(INPUT DATA)

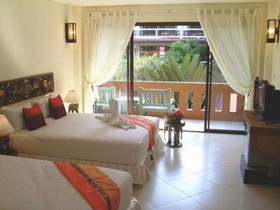 Seascape Beach Resort
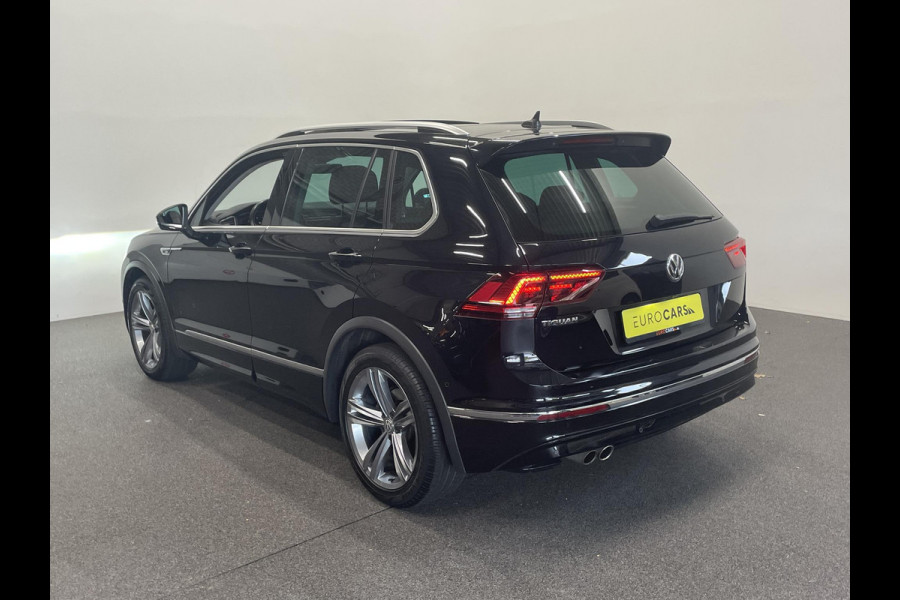 Volkswagen Tiguan 1.5 TSI 150pk DSG R-Line Platinum Panoramadak Navigatie Apple Carplay/Android Auto Camera Parkeersensoren Adaptive Cruise Control Leder Memory stoelen Stoelverwarming Elektrische achterklep Climate Control Virtual Cockpit Volkswagen Tiguan 1.5 TSI 150pk DSG R-Line Platinum Panoramadak Navigatie Apple Carplay/Android Auto Camera Parkeersensoren Adaptive Cruise Control Leder Memory stoelen Stoelverwarming Elektrische achterklep Climate Control Virtual Cockpit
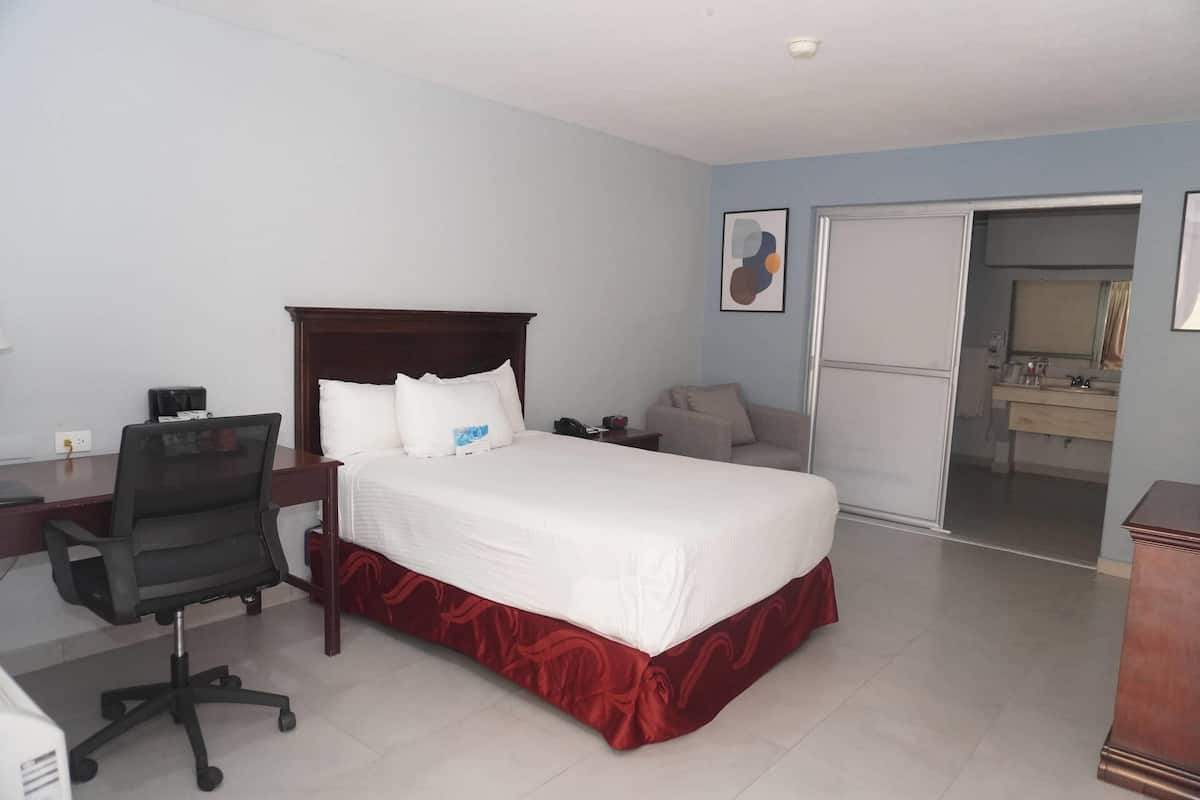 Quarto, 1 cama de casal, para não fumantes (Accesible) | Frigobar, escrivaninha, cortinas blackout, ferros/tábuas de passar roupa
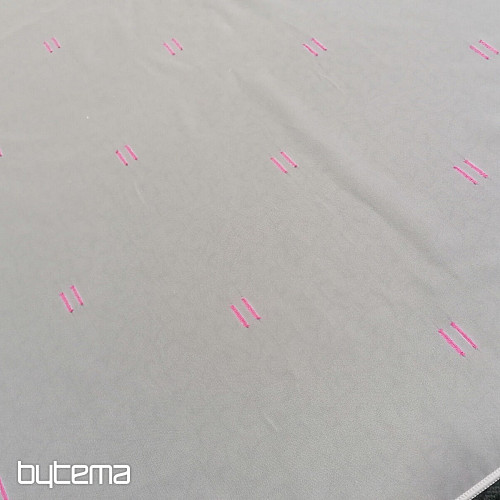 Cortina de gasa color crema claro con líneas pespunteadas en rosa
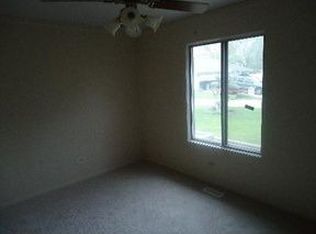901 Natoma Ct, Joliet, IL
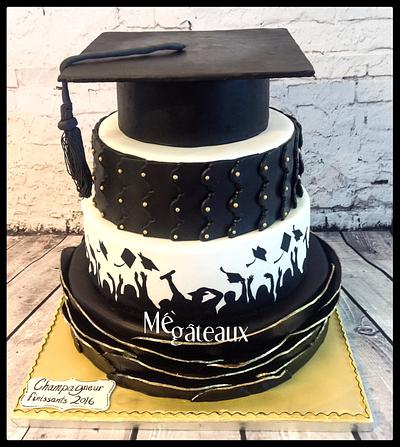Graduation cake - Cake by Mé Gâteaux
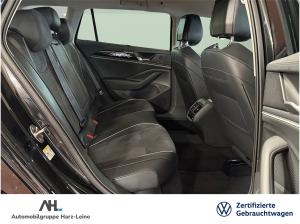 Volkswagen Passat Variant 2.0 TDI Elegance DSG Matrix AHK Navi ACC Massage AreaView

(End INPUT DATA)

§ YOUR TASK:
What is needed is an exact repeat of only the lines from the one containing "901 Natoma Ct, Joliet, IL" through the last line of the listing above, both ends included, without the pictures.

§ TASK OUTPUT:
901 Natoma Ct, Joliet, IL
Graduation cake - Cake by Mé Gâteaux
 Volkswagen Passat Variant 2.0 TDI Elegance DSG Matrix AHK Navi ACC Massage AreaView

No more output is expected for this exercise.